Bir zamanlar kitap alabilmek için parayı denkleştirmek konusunda zorluklar yaşayan ve o dönemde aşkına karşılık bulamayan Martin artık yazmış olduğu yazılar sayesinde ekonomik olarak rahata kavuşmuştur. Bu noktadan sonra Martin’in değer görmeye başlaması ise aslında Martin’in ne yazık ki sonu olmuştur.

Martin’in yazmış olduğu kitapların ilgi görmesinden sonra büyük aşkı Ruth’un kendisiyle evlenmek istediğini söylemesi Martin için çok acı vericiydi. Tam olarak o an gerçekten sevilmediğini düşünmüştü. Oysaki kitapları ilgi görmeseydi Martin gene aynı Martin’di fakat kitapları ilgi görmeseydi Ruth yanında olmayacaktı.
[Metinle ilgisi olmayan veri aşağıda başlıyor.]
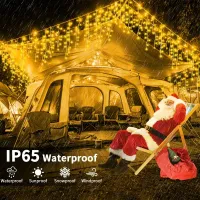 Solar Icicle Christmas Lights - 162 LED thumbnail 4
Martin için para, o anda alabileceği şeyler dışında hiçbir anlam ifade etmiyordu. Haritasız ve dümensiz kalmış gideceği limanı olmayan bir gemiydi artık. İçini acıtan bir şey varsa o da yaşamaktı. Hayat onu kaygılandırıyor, sıkıyor, zaman ise eziyet gibi geliyordu.

İşte Martin Eden tüm yaşadığı mücadeleler sonucunda ulaşmak istediği hedefe vardığında aslında çabasının amaçsız olduğunu tüm çıplaklığıyla görmüştü. Martin Eden bitmişti ve okuyucusu yarım kalmıştı.
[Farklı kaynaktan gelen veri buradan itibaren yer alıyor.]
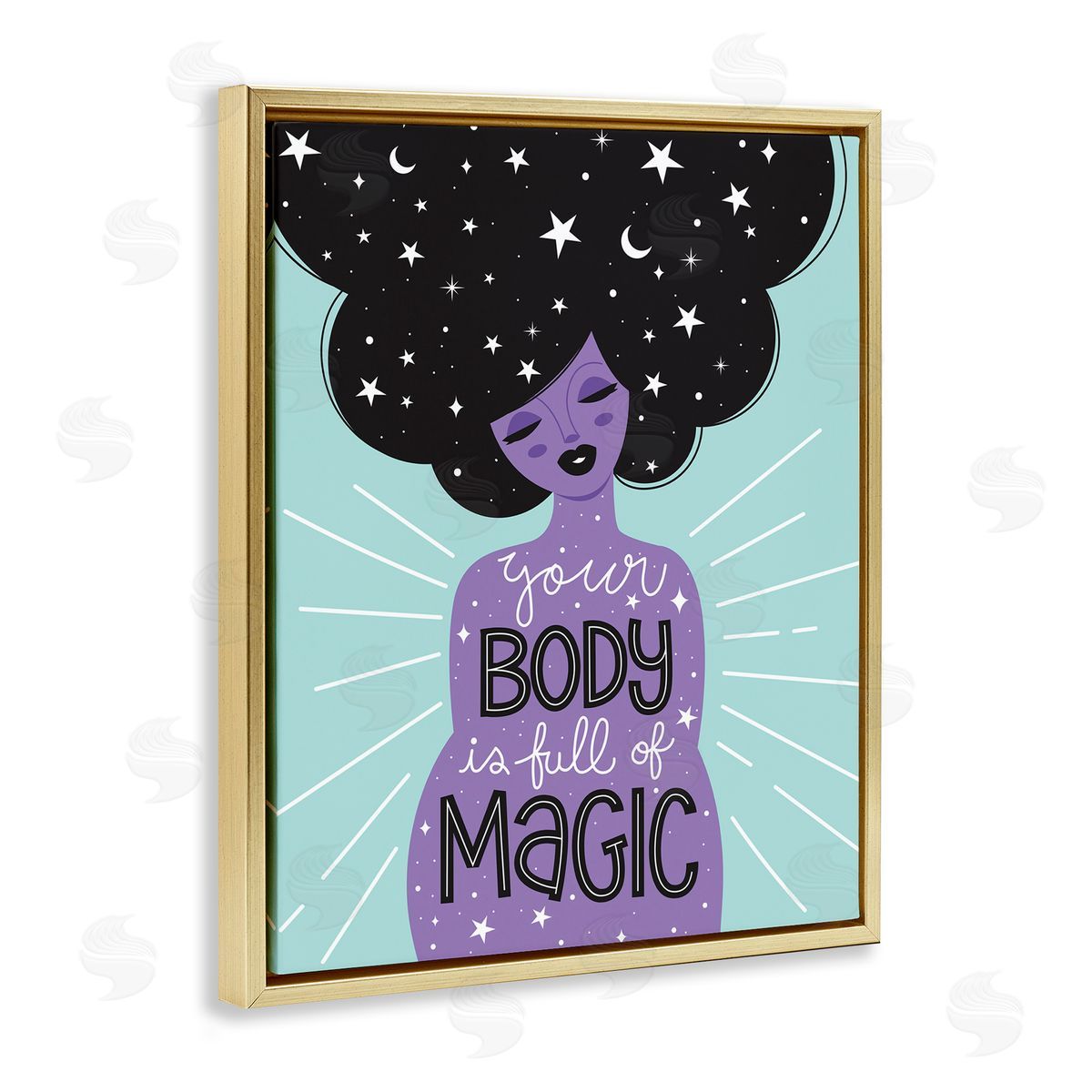 Ilis Avilés Body Full of Magic Astrological Hair Gold Floater Frame Canvas Art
Bu eseri herkesin okumasını öneririm çünkü Martin Eden bu anlattığım kurgudan daha fazlası…

Martin Eden karakteri, kitabı okudukça bir arkadaşınız bir dostunuz gibi kendinize yakın hissedeceğiniz biri oluveriyor. Kah yaptıklarına gülüp kah yaptıklarına duygulanacağınız bir dert ortağınız gibi belki de…

Kitabı bitirdikten sonra bir süre boşluk ve eksiklik hissettim hayatımda. Yakın bir dostumu kaybetmişçesine hüzünlendim. Eminim sizlerde okuyunca bana hak vereceksinizdir.